The warmer the air, the more moisture it holds and with more moisture in the air, the rains become heavier. Scientists attribute this as a factor causing the unusual intensity with which it rained in Pakistan.

"Meteorologists warned earlier this year that the extreme temperatures would probably result in "above normal" levels of rain during the country's monsoon season, from July to September," Zia Hashmi, a water resource engineer at the Global Change Impact Studies Centre in Islamabad, commented in a statement

The prolonged heat waves not only caused the air to capture more moisture and made the rains heavy, but they also had another dangerous impact on the glaciers. 

Pakistan's northern region has so many glaciers that sometimes it is called 'the third pole.' Pakistan's northern region contains more glacial ice than anywhere else, barring the poles. This year's prolonged heat wave caused the melting of many glaciers, which eventually made more water flow into the country's river system. The tributaries swelled and dumped a heavy amount of water into the Indus river. 

The Indus is the largest river in Pakistan, running through the middle of the country from North to South, feeding towns, cities and agricultural lands before it meets the Arabian sea.

According to Athar Hussain, a climate scientist at the COMSATS University in Islamabad, during his visits to some of the glaciated regions in higher altitudes in July, he noticed muddy water with a high current flowing in the Hunza river. Hunza is a tributary of the Indus. According to Hussain, the muddy water indicates rapid glacier melting as water flowing downstream at a fast pace picks up sediments along. 

In addition, a BBC report said that glaciers up in Gilgit Baltistan and Khyber Pakhtunkhwa regions are melting fast, creating some 3000 lakes. 

Among these, 33 lakes are at high risk of sudden bursting, which, if it happens, will unleash millions of cubic meters of water along with debris inundating large swathes of the country. Estimates say that this could put over 7 million people at risk. 

There are other factors which added to Pakistan's woe. The heat waves coincided with an extraordinary depression, the development of intense low air pressure in the Arabian Sea. This depression brought heavy rain to the coastal provinces early in June. According to Hussain, such large-scale depression systems are not something Pakistan usually experiences. The unusual events, coupled with the early arrival of monsoon rains, worsened the situation in Pakistan. 

Notably, Pakistan received almost double its average annual rainfall this year. The rains in southern provinces, including Sindh and Baluchistan, were more than five times the average. Overall, Pakistan received 390.77 mm of rains from June to August, which is nearly 190% more than usual, BBC reported

Fahad Saeed, a climate impact scientist, pointed out that the scale of rain and flood in Pakistan would prove disastrous for any country, even a richer one. He said, "This is a different type of animal - the scale of the floods is so high, and the rain is so extreme, that even very robust defences would struggle." 

Experts believe that the convergence of all these factors that brought Pakistan's mayhem is linked to climate change. 

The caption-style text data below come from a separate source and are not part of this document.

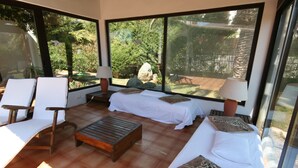 A room with a bed, two chairs, a small table, and large windows offering a view of a garden. - Villa '12' with Private Terrace, Wi-Fi and Air Conditioning (Costa Rei)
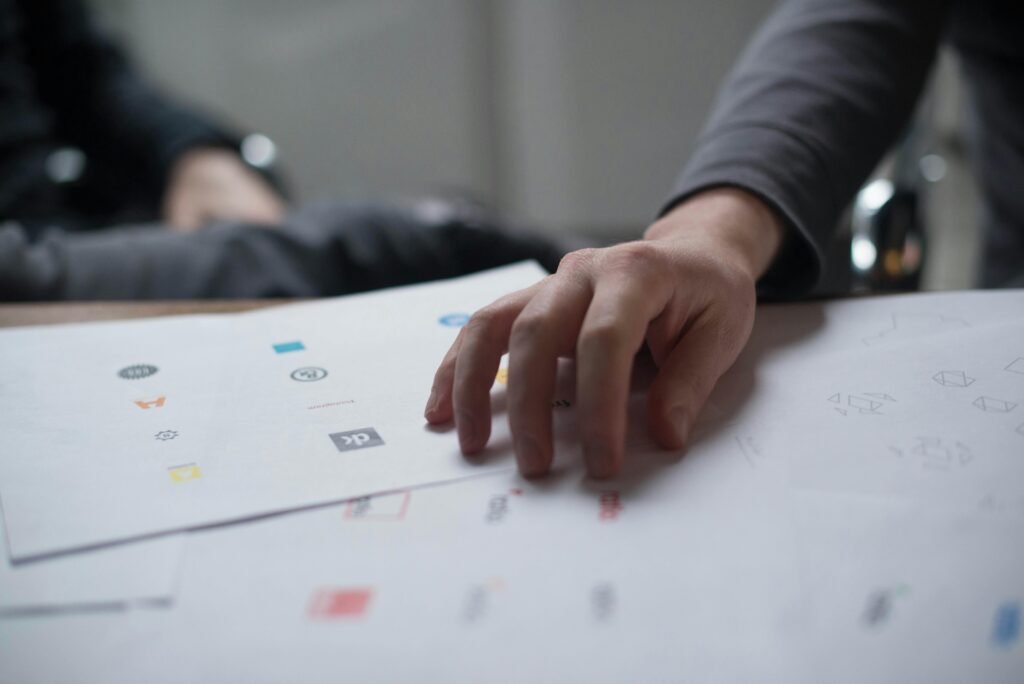 A close-up shot of a hand reviewing various logo designs on paper, ideal for business concepts.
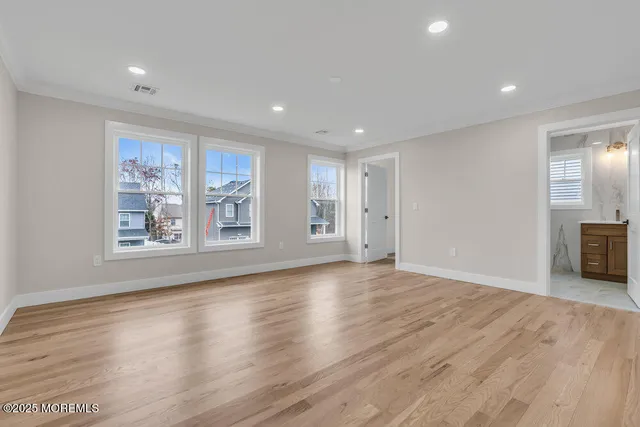 a spacious bathroom with a large tub sink and mirror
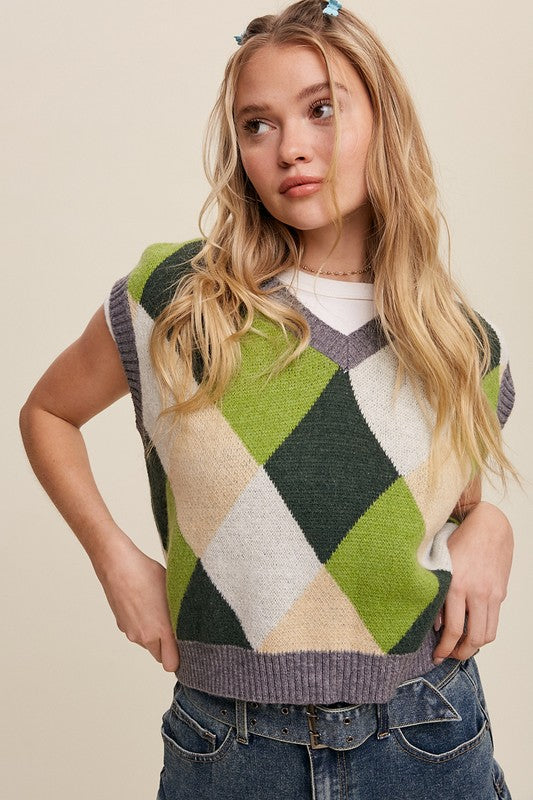 Green, multi-color patterned sweater vest, oversized fit, with a V-neck and sleeveless design.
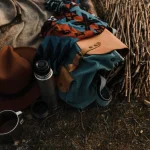 Close-up view of camping essentials including a thermos, backpack, and hat on a blanket.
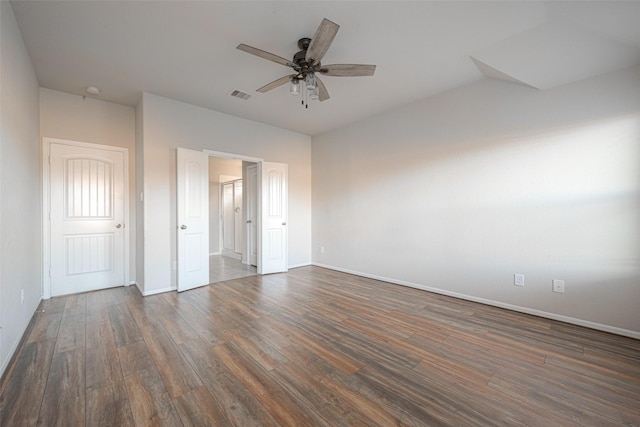 3022 Darlington Ct, Katy, TX 77494 - unfurnished bedroom featuring dark wood finished floors and a ceiling fan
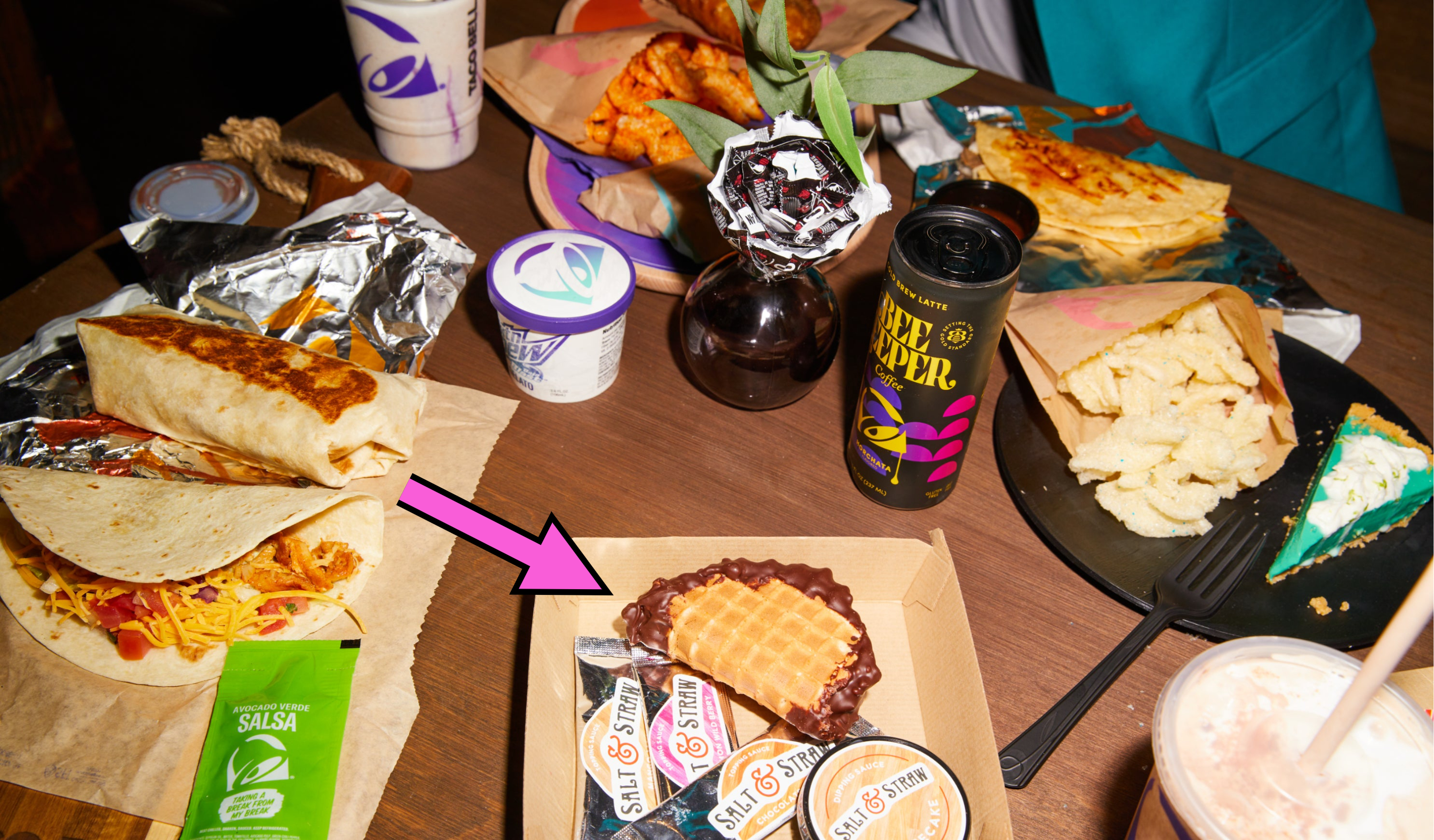 a table full of new taco bell menu items including an arrow pointing to a choco taco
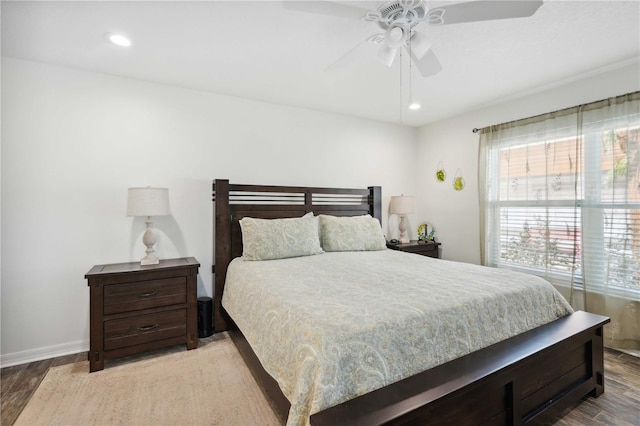 bedroom featuring wood finished floors, baseboards, a ceiling fan, and recessed lighting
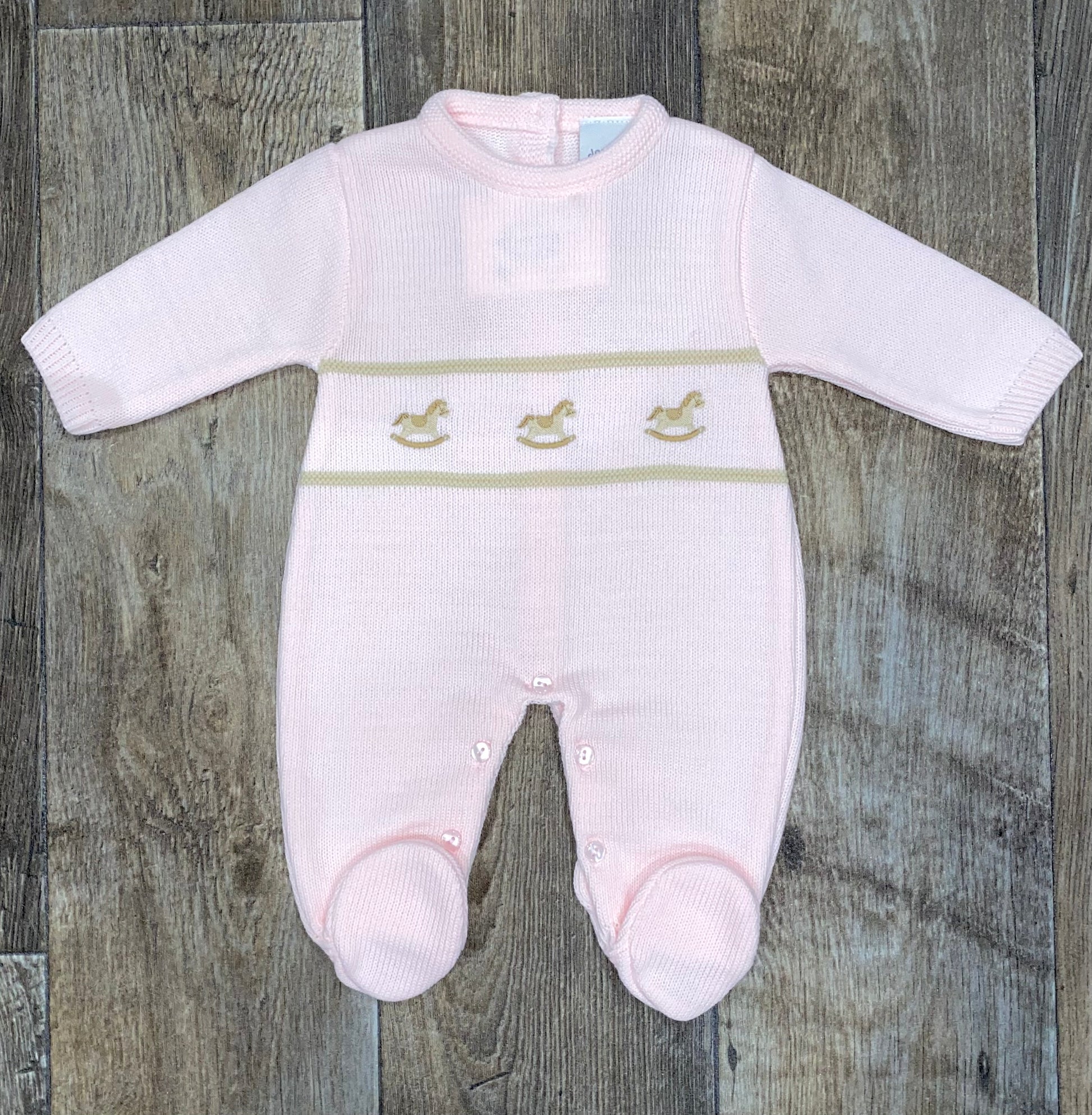 Classic Spanish style baby knit babygrow from dandelion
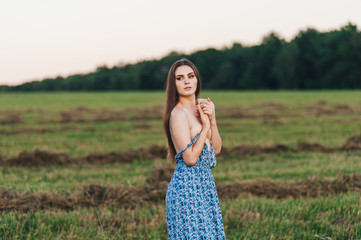 Beautiful young girl in a long sundress at sunset in the fields posing.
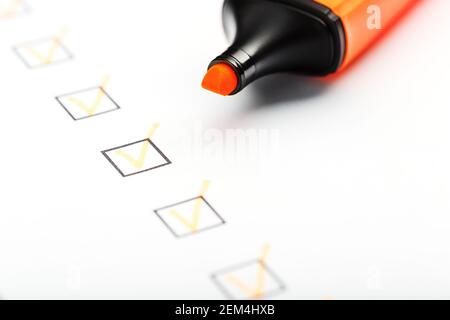 Orange marker with markers on the checklist sheet. Checklist completed task concept. Stock Photo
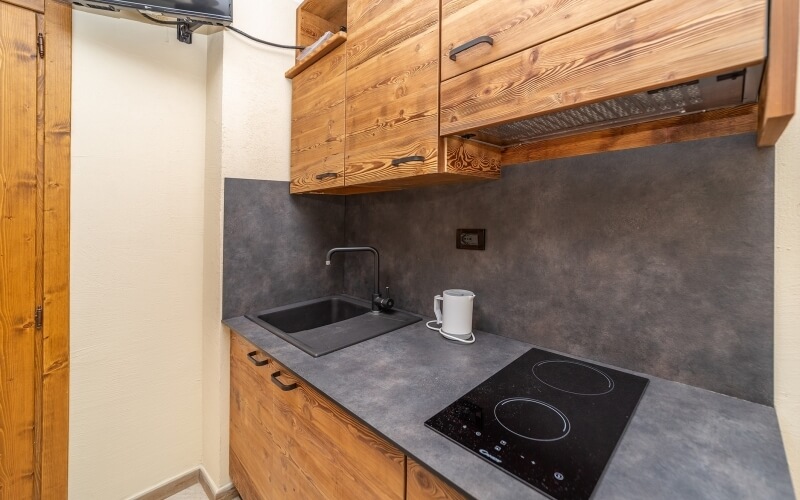 Piccola cucina con armadietti in legno, piano in marmo grigio, piano cottura nero, lavandino e tazza bianca sul bancone.
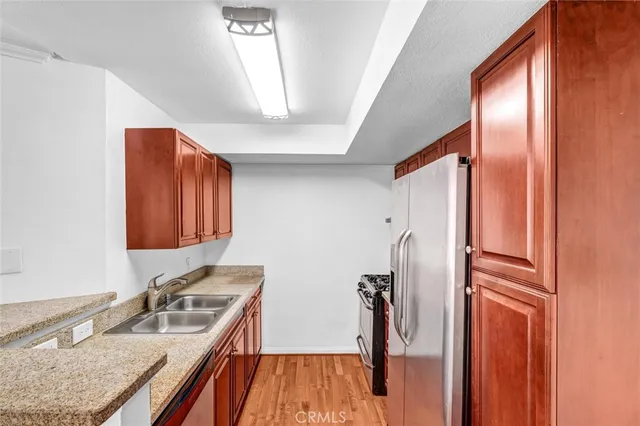 a kitchen with stainless steel appliances granite countertop a refrigerator a sink and wooden cabinets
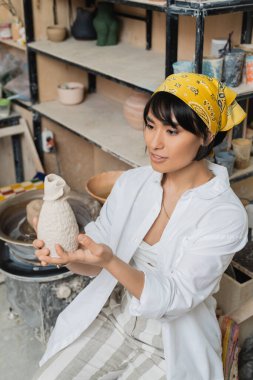 Young asian female potter in headscarf and workwear holding clay product while sitting and working in ceramic workshop at background, craftsmanship in pottery making clipart
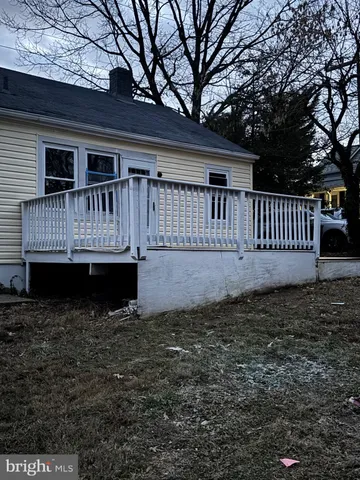 a kitchen with a refrigerator and window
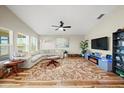 Inviting living room with a large sectional sofa, media center, and a ceiling fan at 5543 Arlington River Dr, Lakeland, FL 33811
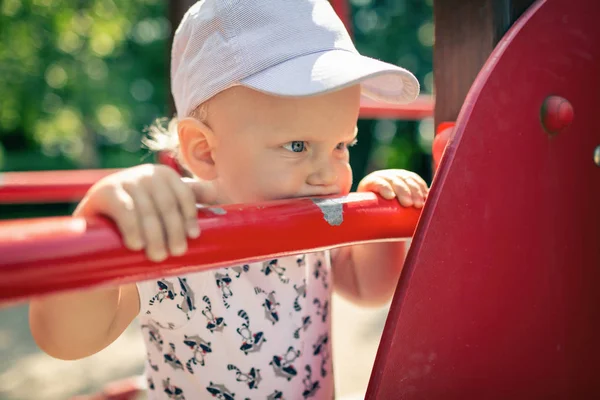 Bebek Çocuk Bahçesi tek başına oynuyor. Uzakta ile mutsuz yüz bakarak yürümeye başlayan çocuk portresi. Bir oyuncak Bahçesi alan açık havada tutan.
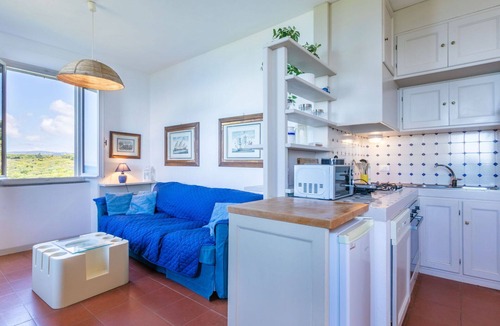 Rosignano Marittimo Apartment | Nice apartment for 7 people with pool, WIFI, TV and patio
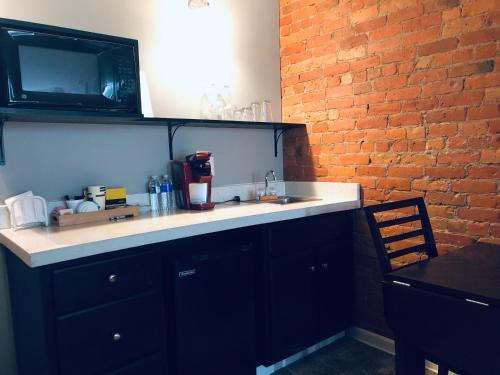 a kitchen with a sink and a brick wall at Lodging at the Gaffer Inn in Corning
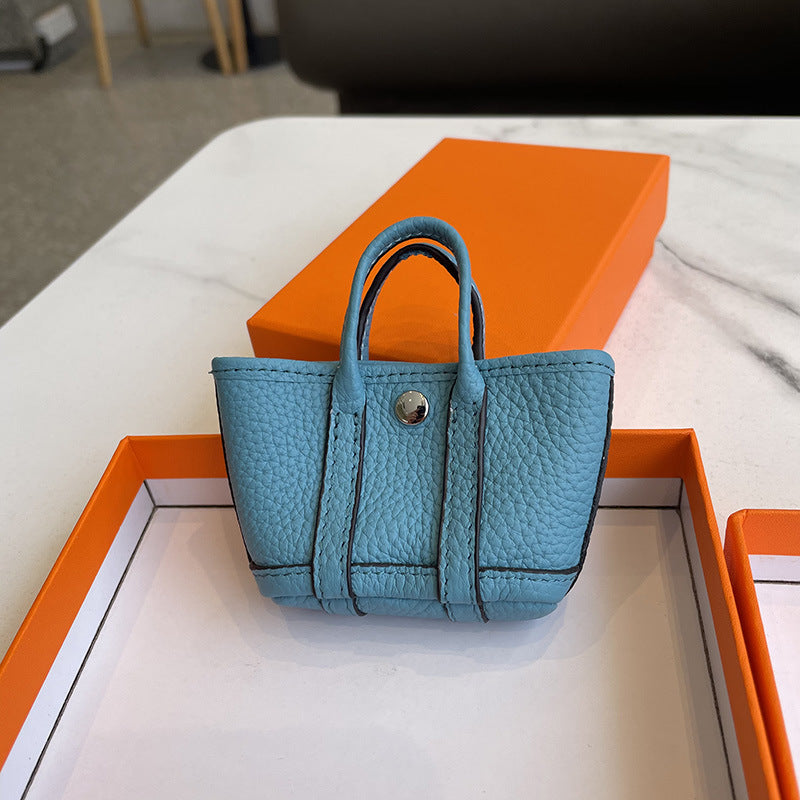 Mini Tote Bag Charm and AirPods Pro Holder in Top Grain Leather detail image 11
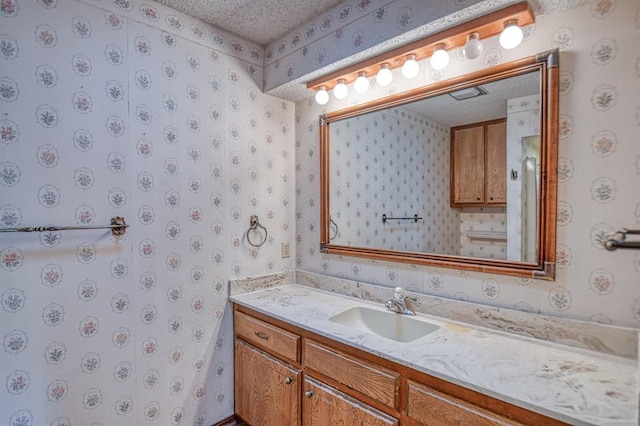 bathroom featuring wallpapered walls, vanity, and a textured ceiling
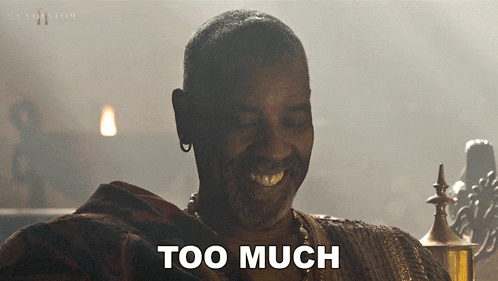 a man with a beard is smiling with the words too much above him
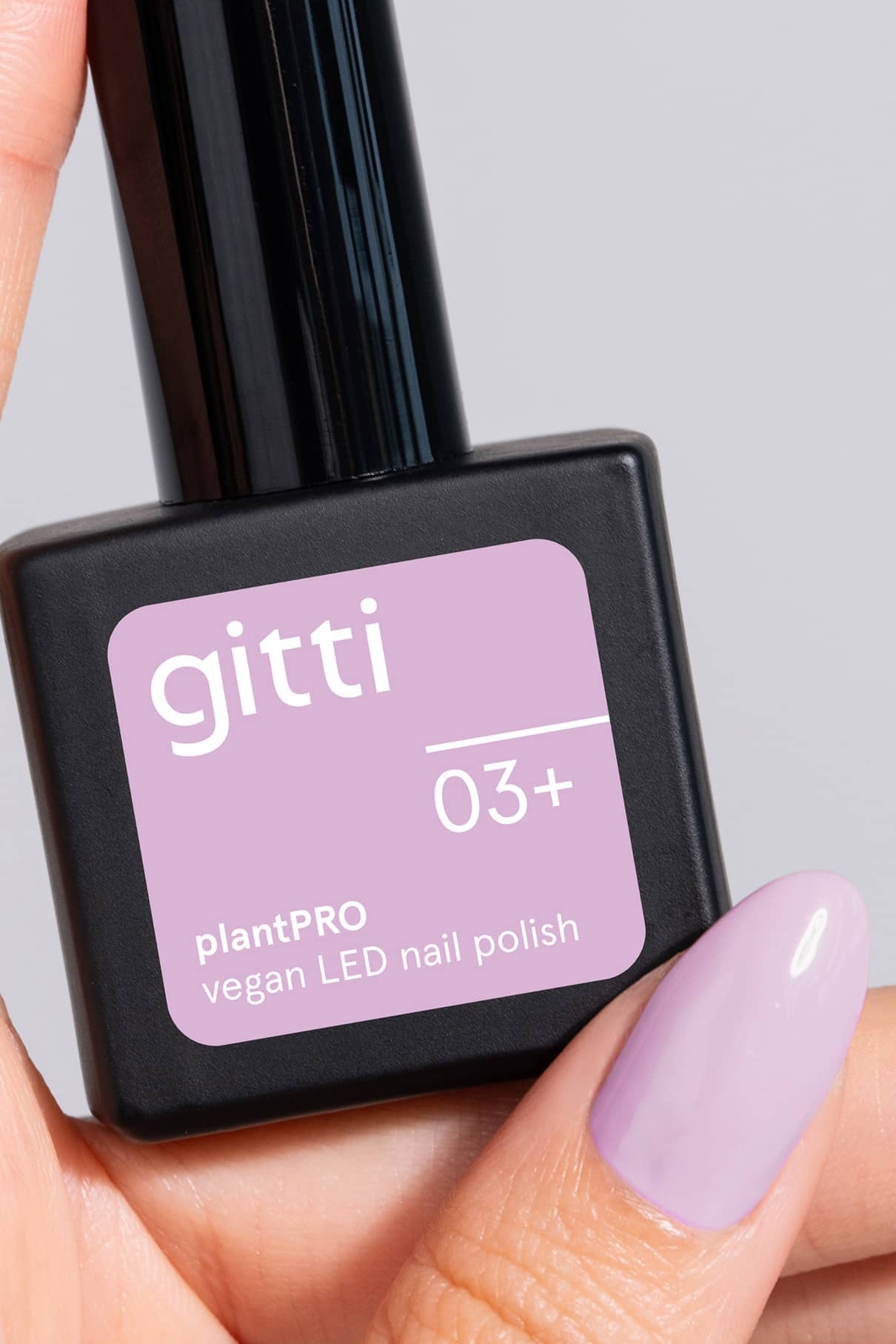 Eine Hand mit hellviolett lackierten Nägeln in romantischem Lavendel hält eine Flasche gitti no. 03+ pflanzlichen, veganen LED-Nagellack, perfekt für alle mit wärmeren Untertönen.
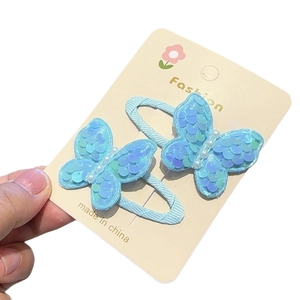 Sparkly light blue sequin butterfly hair clips with pearl detail for girls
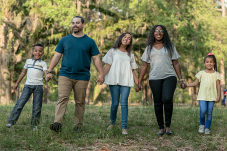 Adults and children walking hand in hand
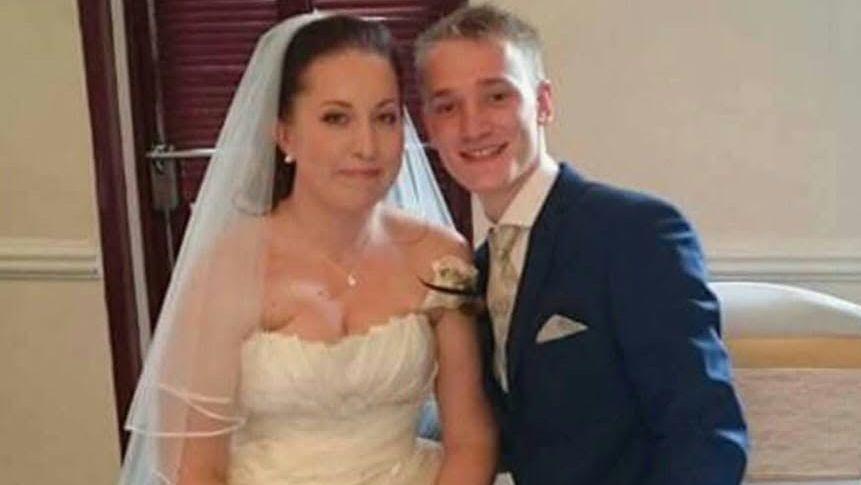 A couple pictured on their wedding day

Notably, Pakistan has witnessed a rise in temperature by 0.3 degree Celsius per decade from 1952-2009. The floods in Pakistan are considered a wake-up call to the world as far as the threats of climate change are concerned. 

However, there is another angle to it. Many in Pakistan felt a sense of climate injustice because Pakistan contributes less than 1% of the global emission of greenhouse gases. But the sensitive geo-ecological positioning of Pakistan makes it extremely vulnerable to the threats of climate change, which probably have manifested this year.